シャビーボーイズというバンドは日常的によくライブを観ているわけではないけれど、何だか相応の間隔で共演している。そもそもお恥ずかしい話ではあるが、自分の活動と生活っていうもののバランスを考慮してスケジュールを組んだ結果、なかなかライブハウスに遊びに行けていないのが実情。そんな中ではシャビーボーイズは僕にしてはよくライブを観ている方かもしれない。そりゃあ毎回ライブに行かれているお客さんからすれば僕の観たシャビーボーイズのライブというのは彼らの活動のほんの一端に過ぎないのだろうけれど、それでもその一度一度がとても印象的なのも事実である。
新宿JAMで『空想ワールド』で涙腺が決壊し、生まれて初めてライブハウスで号泣しながらライブを観たあの夜も、ベースギターを弾いていたいちろー君の最後のライブも、そして何なら見逃した事で二度と忘れられなくなってしまったseapusでのライブ(観てないけど)も、りっちゃん加入後、初めて共演した鶴舞K.Dハポンも全てが印象深い。忘れられない瞬間があるっていうのは良いライブだったという事だ。
いちろー君がバンドを去って、サポートメンバーを入れて活動する、とかいっその事辞めてしまうとか色々な選択肢がある中で、彼らをメンバーをずっと探していたそうだ。そしてボーイズはガールと出会った。
メンバーが正式に決まったからリリースがあったわけでもないけれどツアーに出る。実にシャビーボーイズらいし真摯さで彼らはツアーに出、そしてツアーファイナルを3月20日に池下UPSETで迎えた。
i GOのサポートベースギターリストとして先陣をきって演奏。フロア最前列の辺りにりっちゃんがいる。この少し前に早朝の栄で紹興酒を一緒に飲んで見事に僕を潰した酒豪だ。まだ若く、20歳そこそこである。酒では負けた。だが演奏では負けない。こういうシチュエーションで一番の花向けとなるのは良い演奏だと信じている。しかも同業者が眼前にいるならば、と大いに張り切って演奏出来た。
palitextdestroyもキドリキドリも気合いの入った良い演奏をしていた。
でもやっぱりこの日のシャビーボーイズは「良いライブ」+αの演奏をしていた。実に瑞々しい、4人で音を出す事を慈しむような、そんな演奏。

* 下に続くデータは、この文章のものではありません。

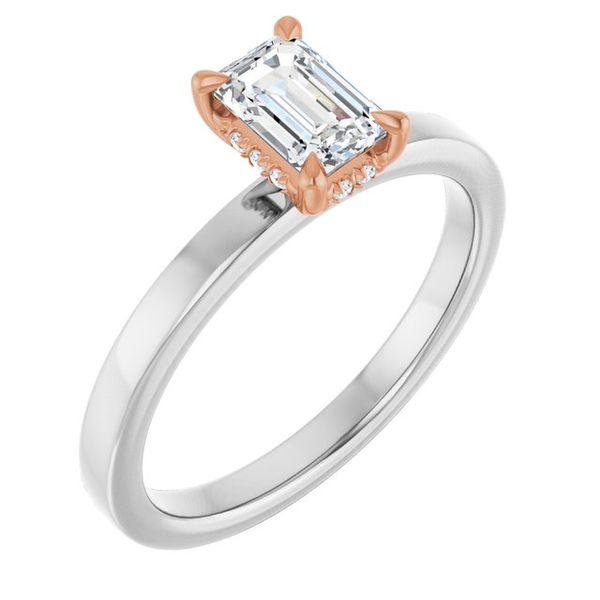 Claw-Prong Hidden Halo-Style Engagement Ring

ツアーに出て多くの瞬間を共にしたからっていうのもあるのだろうな、凄く強いバンドになっていて本当に驚いた。同じバンドかってくらいの変貌っぷりで、ステージ脇、腰を降ろして幕越しに観ていた僕は打ちのめされた。照明の目潰しでひょっとしたらフロアからは見えないかもしれない生々しい表情も手に取るように見える。
あんなに楽しそうに演奏する人達はそういない。
いちろー君が辞める、と高津君から歌舞伎町のラーメン二郎で聞かされたあの日の『空想ワールド』は節目に向かって突き進んでいくある種の美しい悲壮感、区切りを打つのだと決めたバンドが醸し出すだからこその強さが胸を打った。しかしこの日の『空想ワールド』は全く真逆の気配を纏い、何かが始まったんだと胸を打ち鳴らした。
胸がすくような「やられた!」って快感の中、ライブは終了。
良いイベントの後は怒涛のように打ち上げる。ジム・ビームのストレートを皆であおったりして大いに楽しんだ。
シャビーボーイズ、メンバー加入、改めておめでとう。そして岐阜のアルコール狂いりっちゃん、素晴らしいバンドが転がるきっかけになってくれて有難う。彼らの、そして貴方の一ライバルとして言いました。
また、やりましょう。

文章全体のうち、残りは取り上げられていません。